In-Place Operation Warnings

The most severe issue with our current system is that it can silently compute the wrong gradients when in-place operations are used. Have a look at how PyTorch handles it and implement a similar system yourself so that it either computes the right gradients, or raises a warning.

In-Place ReLU

Instead of implementing ReLU in terms of maximum, implement your own forward and backward functions that support inplace=True.

Backward for einsum

Write the backward pass for your equivalent of torch.einsum.

Reuse of Module during forward

Consider the following MLP, where the same nn.ReLU instance is used twice in the forward pass. Without running the code, explain whether this works correctly or not with reference to the specifics of your implementation.

class MyModule(Module):
    def __init__(self):
        super().__init__()
        self.linear1 = Linear(28*28, 64)
        self.linear2 = Linear(64, 64)
        self.linear3 = Linear(64, 10)
        self.relu = ReLU()
    def forward(self, x):
        x = self.relu(self.linear1(x))
        x = self.relu(self.linear2(x))
        return self.linear3(x)
Answer (what you should find)

This implementation will work correctly.

The danger of reusing modules is that you'd be creating a cyclical computational graph (because the same parameters would appear twice), but the ReLU module doesn't have any parameters (or any internal state), so this isn't a problem. It's effectively just a wrapper for the relu function, and you could replace self.relu with applying the relu function directly without changing the model's behaviour.

This is slightly different if we're thinking about adding hooks to our model. Hooks are functions that are called during the forward or backward pass, and they can be used to inspect the state of the model during training. We generally want each hook to be associated with a single position in the model, rather than being called at two different points.

Convolutional layers

Now that you've implemented a linear layer, it should be relatively straightforward to take your convolutions code from day 2 and use it to make a convolutional layer. How much better performance do you get on the MNIST task once you replace your first two linear layers with convolutions?

ResNet Support

Make a list of the features that would need to be implemented to support ResNet inference, and training. It will probably take too long to do all of them, but pick some interesting features to start implementing.

Central Difference Checking

Write a function that compares the gradients from your backprop to a central difference method. See Wikipedia for more details.

Non-Differentiable Function Support

Your Tensor does not currently support equivalents of torch.all, torch.any, torch.floor, torch.less, etc. which are non-differentiable functions of Tensors. Implement them so that they are usable in computational graphs, but gradients shouldn't flow through them (their contribution is zero).

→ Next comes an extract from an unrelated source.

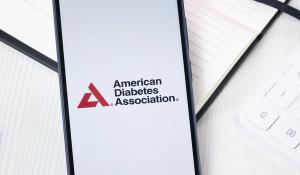 ADA Logo | Image Credit: © Postmodern Studio-stock.adobe.com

Differentiation wrt Keyword Arguments

In the real PyTorch, you can sometimes pass tensors as keyword arguments and differentiation will work, as in t.add(other=t.tensor([3,4]), input=t.tensor([1,2])). In other similar looking cases like t.dot, it raises an error that the argument must be passed positionally. Decide on a desired behavior in your system and implement and test it.

torch.stack

So far we've registered a separate backwards for each input argument that could be a Tensor. This is problematic if the function can take any number of tensors like torch.stack or numpy.stack. Think of and implement the backward function for stack. It may require modification to your other code.